DecomposeRL: Learning to Ask Useful, Informative, and Diverse Questions for Semi-Supervised, Traceable Claim Verification 文章

ArXiv CS.CL2026-05-28NEWSen作者: Shubhashis Roy Dipta, Ankur Padia, Francis Ferraro

摘要

arXiv:2605.27858v1 Announce Type: new Abstract: Claim verification splits between end-to-end classifiers that are accurate but yields no inspectable traces, and decomposition-based methods produce inspectable traces but lag performance on benchmark datasets. We propose DecomposeRL an accurate claim-verifier that produce inspectable traces. DecomposeRL frames decomposition as an RL policy trained with GRPO and a multi-faceted reward ensemble, enabling both fully supervised and semi-supervised learning from unlabeled claims.
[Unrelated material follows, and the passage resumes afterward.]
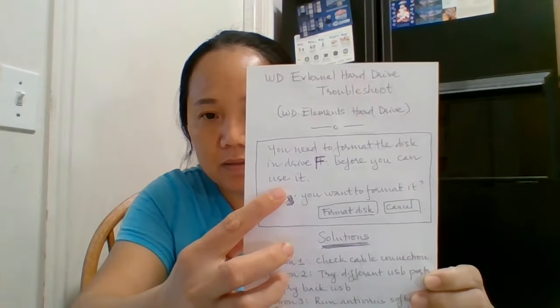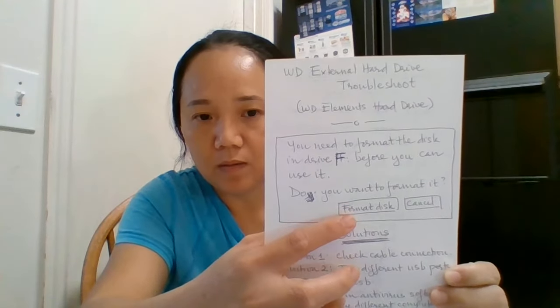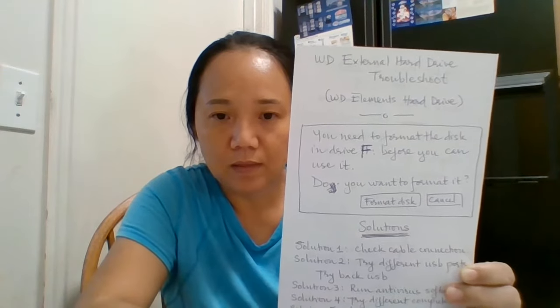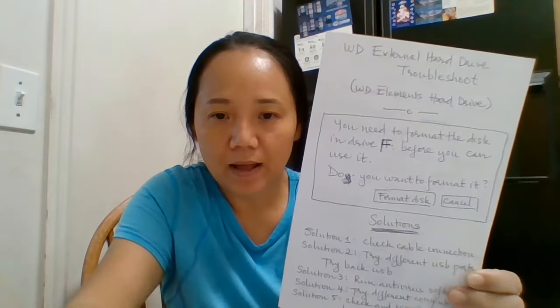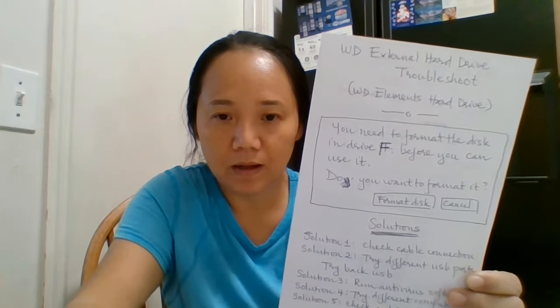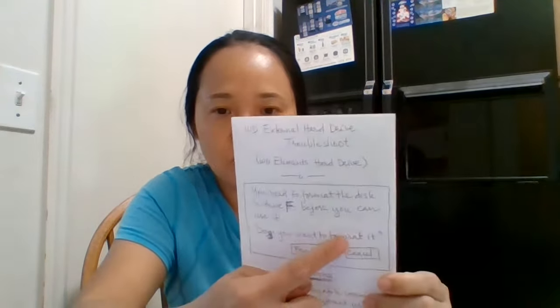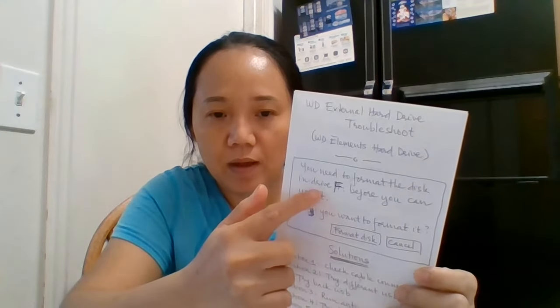It suddenly stopped and I wasn't able to retrieve any files. When I opened it, it showed me an error message with two options: one was to format the disk, and the other was to cancel. I chose cancel because I didn't want to format it — when you format the disk everything goes back to the original manufacturer state. The message said 'You need to format the disk in drive F before you can use it. Do you want to format it?' It showed up in my computer as drive F — probably yours is drive G or another letter.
DecomposeRL addresses the prohibitive training cost of GRPO with a data-curation funnel that distills 115K fact-verification claims into a compact, learning-signal-dense subset of 5K claims. We show that a DecomposeRL-7B policy trained with full supervision on only ~5K curated claims achieves 86.3 in-domain and 69.8 out-of-domain balanced accuracy across 11 claim-verification benchmarks containing biomedical, political, scientific, and general-domain claims.